──────── Extracted data
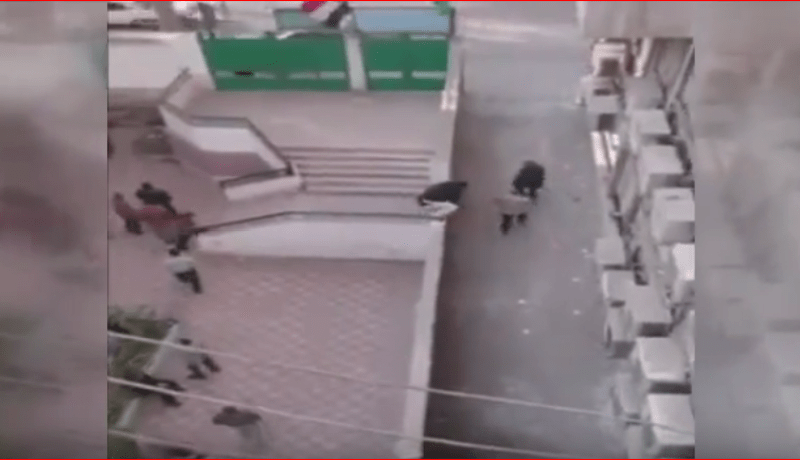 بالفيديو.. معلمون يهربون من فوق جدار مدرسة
────────────────
──────── Extracted data
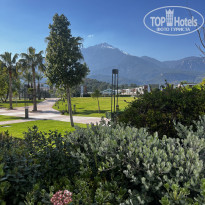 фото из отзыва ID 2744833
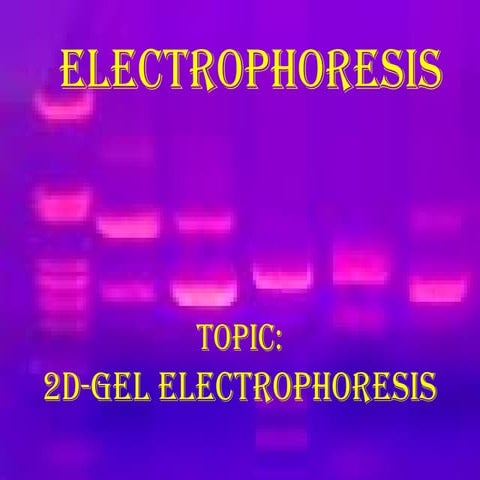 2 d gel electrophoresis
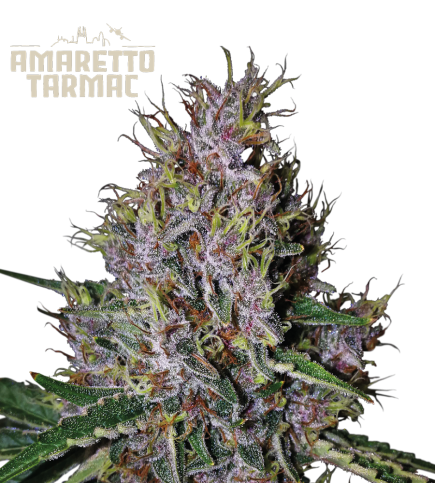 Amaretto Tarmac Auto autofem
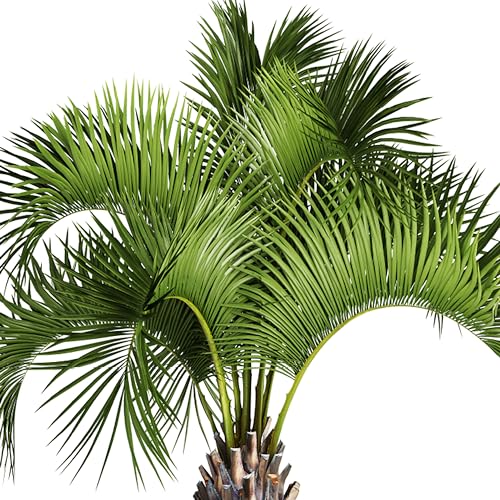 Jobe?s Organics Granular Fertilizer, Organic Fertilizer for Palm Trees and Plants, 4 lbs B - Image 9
────────────────
──────── Extracted data
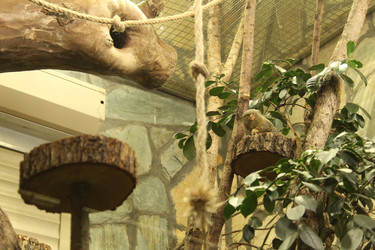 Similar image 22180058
────────────────
**Task directions:** Repeat, without pictures, exactly the lines of the data above from the one containing "Amaretto Tarmac Auto autofem" through the one containing "Jobe?s Organics Granular", including both and adding nothing.

**Solved problem:**
 Amaretto Tarmac Auto autofem
 Jobe?s Organics Granular Fertilizer, Organic Fertilizer for Palm Trees and Plants, 4 lbs B - Image 9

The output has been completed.